Naturally, Terry Pratchett's Discworld universe has made use of this saying. Great A'tuin, of course, doesn't need to stand on anything, seeing as he (or possibly she) is swimming through space, and not standing on anything at all.

In The Science of Discworld the co-authors (Ian Stewart and Jack Cohen, doncha know - terrific scientific writers) are discussing the origin-of-time dismissal answer of saying, "it's always been there, it doesn't need explaining!" Here's how the refutation works:


Take the phrase, "It's turtles all the way down." Sounds silly, doesn't it? Not something a right-minded person like you would think, oh argument dismisser.

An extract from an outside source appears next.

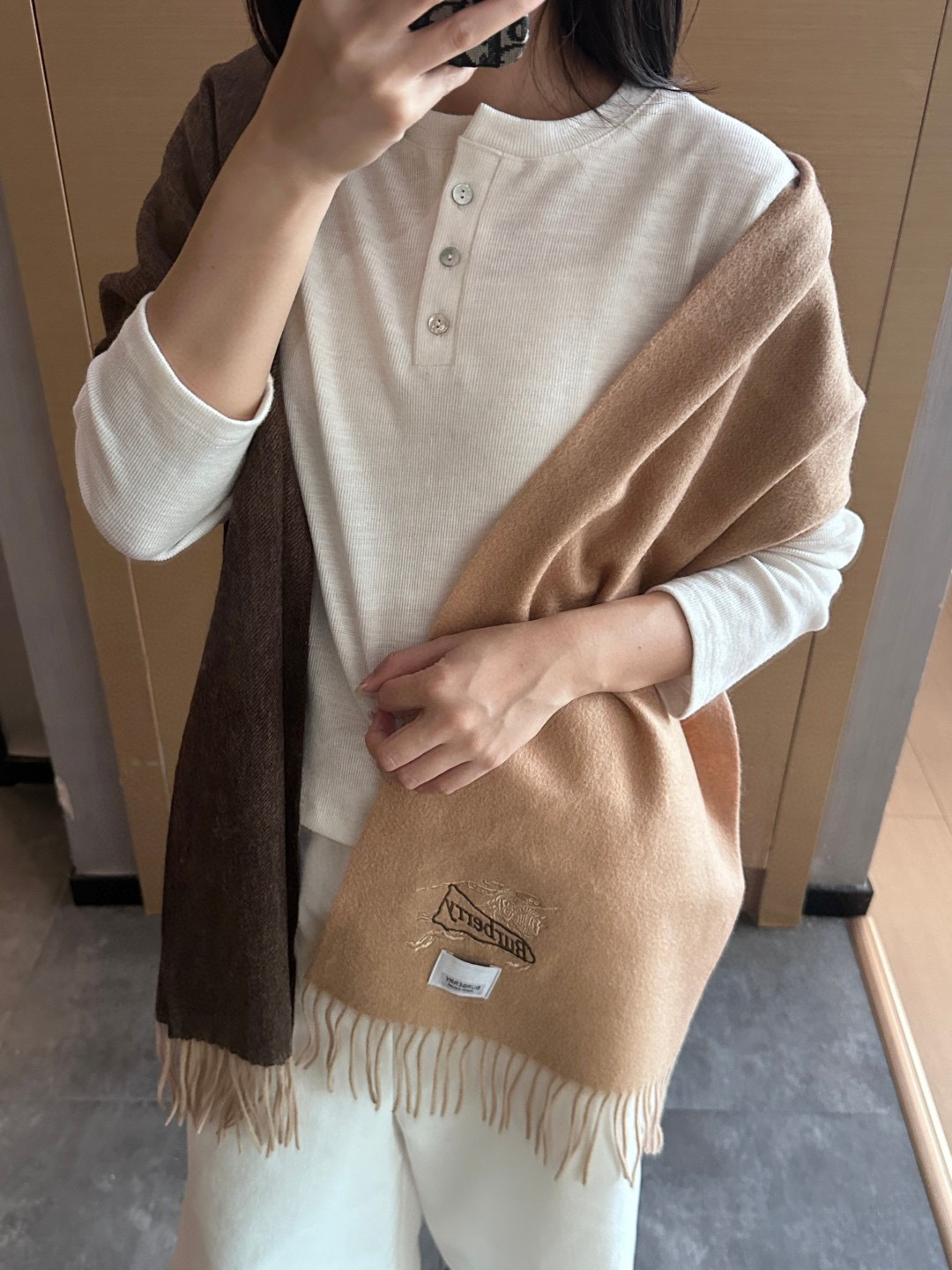 【▪️家属福利来了！！巴宝莉高端重磅男士围巾！】怒赞推荐，激动~！！下手绝对要快，同步专柜，最高端的男士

Now, if you don't mind, please be so good as to replace the word 'turtles' with 'time', and 'down' with 'back'.

It's time all the way back, hmm? Did you not just express the opinion that such sentiments were silly? Well, I did, but you weren't in any real hurry to disagree, were you?

That's what I thought. Run along and play, little dismisser of arguments, while we astrophysicists have fun with our special theories.


And, lo and behold, the time-all-the-way-back theoriser hangs their head in shame and departs. Which is silly, really, because when you start to play with theories about the origin of the space-time continuum, infinite time is a possibility. So is an infinite pile of turtles, for all we know. Some of those special theories get rather strange.

Naturally, in the end, the age of time is left as a question mark. The point is made that, even if time is standing on an infinite pile of more time, it still needs explaining. You ain't getting out of it that easy.